About this exercise
In the reply, give back exactly the lines from the one with "Sponge Fried Dough" through the last line of the records, without pictures.

(Extracted entries Opens)

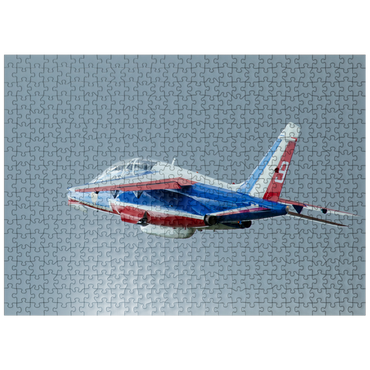 puzzleplate Dassault Dornier Alpha Jet - Patrouille de France 500 Jigsaw Puzzle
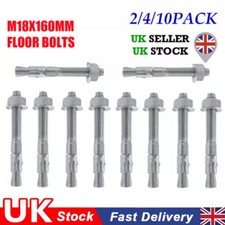 M18 160mm 2/4/10x floor bolts / through bolt / anchor bolt / post lift / ramp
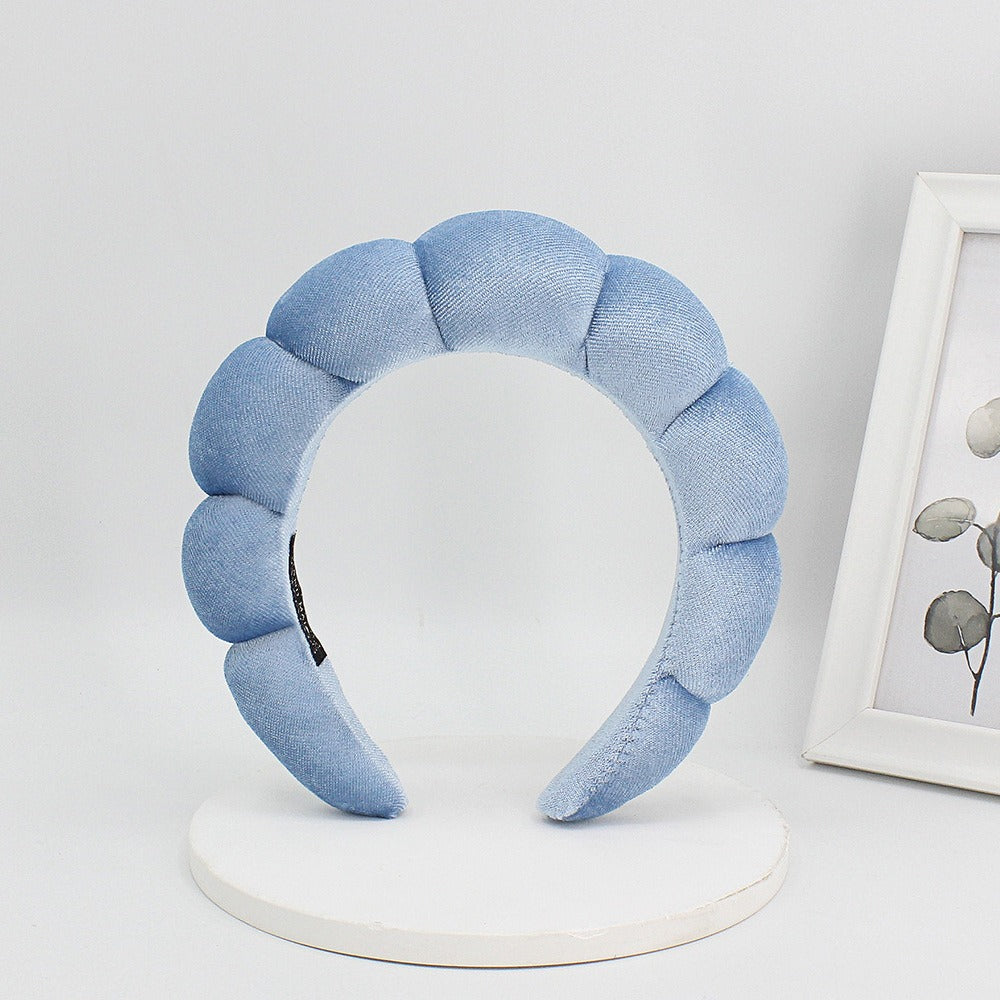 Sponge Fried Dough Twists headband female headdress hair ornament high skull top cloud headband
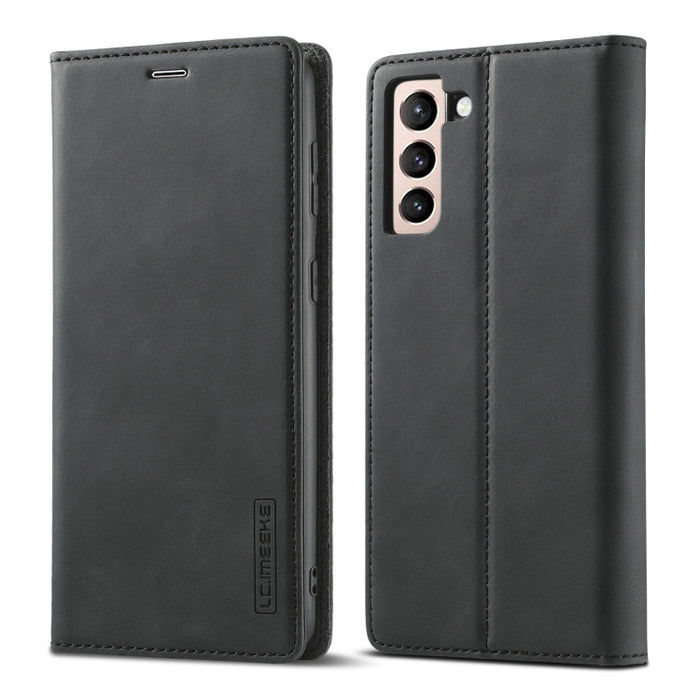 LC.IMEEKE Strong Magnetism Ultra-thin Horizontal Flip Matte TPU + PU Leather Case with Holder & Card Slots & Wallet, For Samsung Galaxy S21 5G, For Samsung Galaxy S21+ 5G, For Samsung Galaxy S21 Ultra 5G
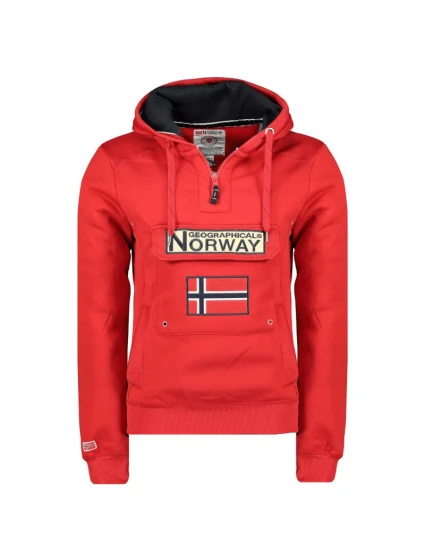 Pánská mikina model 21859206 Červená - Geographical Norway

(Extracted entries Closes)

Result of this task
 Sponge Fried Dough Twists headband female headdress hair ornament high skull top cloud headband
 LC.IMEEKE Strong Magnetism Ultra-thin Horizontal Flip Matte TPU + PU Leather Case with Holder & Card Slots & Wallet, For Samsung Galaxy S21 5G, For Samsung Galaxy S21+ 5G, For Samsung Galaxy S21 Ultra 5G
 Pánská mikina model 21859206 Červená - Geographical Norway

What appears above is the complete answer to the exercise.